The capacitors $C_1$ and $C_2$ are connected in parallel because their two ends are directly connected.

You can verify this easily. Start from one end of $C_1$ and try tracing the wire to $C_2$. Next, start from the other end of $C_1$ and notice how you can still trace the wire back to $C_2$.

On the other hand, if the two capacitors are connected only by one end, they are connected in series.

Answer 3

Considering two-port circuit elements such as capacitors, batteries, resistors, and inductors, two elements are in parallel if each end of the first element is connected to each end (but only one end) of the other. The actual schematic drawing, with lengths of lines and placement of elements on the left, right, top , or bottom is irrelevant.

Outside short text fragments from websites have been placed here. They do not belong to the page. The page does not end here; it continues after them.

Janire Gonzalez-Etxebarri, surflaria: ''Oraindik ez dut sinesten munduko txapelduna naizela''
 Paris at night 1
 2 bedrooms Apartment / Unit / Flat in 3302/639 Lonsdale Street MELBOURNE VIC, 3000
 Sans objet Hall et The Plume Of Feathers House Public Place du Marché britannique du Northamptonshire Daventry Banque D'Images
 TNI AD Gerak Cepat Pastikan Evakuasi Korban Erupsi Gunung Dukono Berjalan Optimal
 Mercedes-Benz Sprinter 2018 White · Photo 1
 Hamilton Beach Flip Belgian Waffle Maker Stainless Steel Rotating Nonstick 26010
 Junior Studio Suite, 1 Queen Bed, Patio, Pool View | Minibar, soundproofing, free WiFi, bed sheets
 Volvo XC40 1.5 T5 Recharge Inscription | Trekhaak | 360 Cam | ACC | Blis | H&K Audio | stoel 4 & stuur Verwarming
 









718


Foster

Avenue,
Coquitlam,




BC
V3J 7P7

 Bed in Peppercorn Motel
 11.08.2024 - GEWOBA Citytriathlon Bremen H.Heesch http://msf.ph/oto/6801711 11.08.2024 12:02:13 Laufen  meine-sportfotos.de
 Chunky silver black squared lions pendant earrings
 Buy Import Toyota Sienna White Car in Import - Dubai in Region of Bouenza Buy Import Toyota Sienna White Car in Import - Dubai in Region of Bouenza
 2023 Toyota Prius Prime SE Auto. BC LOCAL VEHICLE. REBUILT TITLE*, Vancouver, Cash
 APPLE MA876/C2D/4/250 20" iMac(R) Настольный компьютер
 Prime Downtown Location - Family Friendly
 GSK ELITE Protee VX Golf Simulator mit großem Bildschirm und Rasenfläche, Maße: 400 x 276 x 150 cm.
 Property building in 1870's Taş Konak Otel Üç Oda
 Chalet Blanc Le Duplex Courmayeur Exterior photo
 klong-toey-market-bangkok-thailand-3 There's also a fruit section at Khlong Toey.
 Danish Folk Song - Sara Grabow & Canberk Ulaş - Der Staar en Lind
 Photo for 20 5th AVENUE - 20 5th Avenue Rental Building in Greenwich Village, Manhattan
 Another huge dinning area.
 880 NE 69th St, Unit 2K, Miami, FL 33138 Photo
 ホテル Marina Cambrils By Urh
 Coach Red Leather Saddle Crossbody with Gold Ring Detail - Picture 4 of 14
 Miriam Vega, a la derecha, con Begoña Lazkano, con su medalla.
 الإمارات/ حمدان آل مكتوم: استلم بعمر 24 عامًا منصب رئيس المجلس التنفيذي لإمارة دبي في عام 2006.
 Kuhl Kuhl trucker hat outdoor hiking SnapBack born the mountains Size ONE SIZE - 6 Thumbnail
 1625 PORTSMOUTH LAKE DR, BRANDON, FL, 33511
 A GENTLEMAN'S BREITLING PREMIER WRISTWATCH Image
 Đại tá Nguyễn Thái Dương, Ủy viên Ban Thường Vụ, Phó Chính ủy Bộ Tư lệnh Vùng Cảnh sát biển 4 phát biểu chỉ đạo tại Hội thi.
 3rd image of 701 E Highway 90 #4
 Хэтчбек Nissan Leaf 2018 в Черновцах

For the drawing on the left, the battery is in parallel with $C_2$ because each end of $C_2$ is connected to an end of the battery. Now, you can reverse their positions with no change in behavior. The battery is also in parallel with $C_1$ because each end of $C_1$ is connected to an end of the battery. Consequently, $C_1$ must be in parallel with $C_2$, which an examination of their connection points with each other confirms.

Now we are free to draw all 3 in parallel, in any orientation on the page we choose. The diagram on the right shows $C_1$ in parallel with $C_2$ and the battery.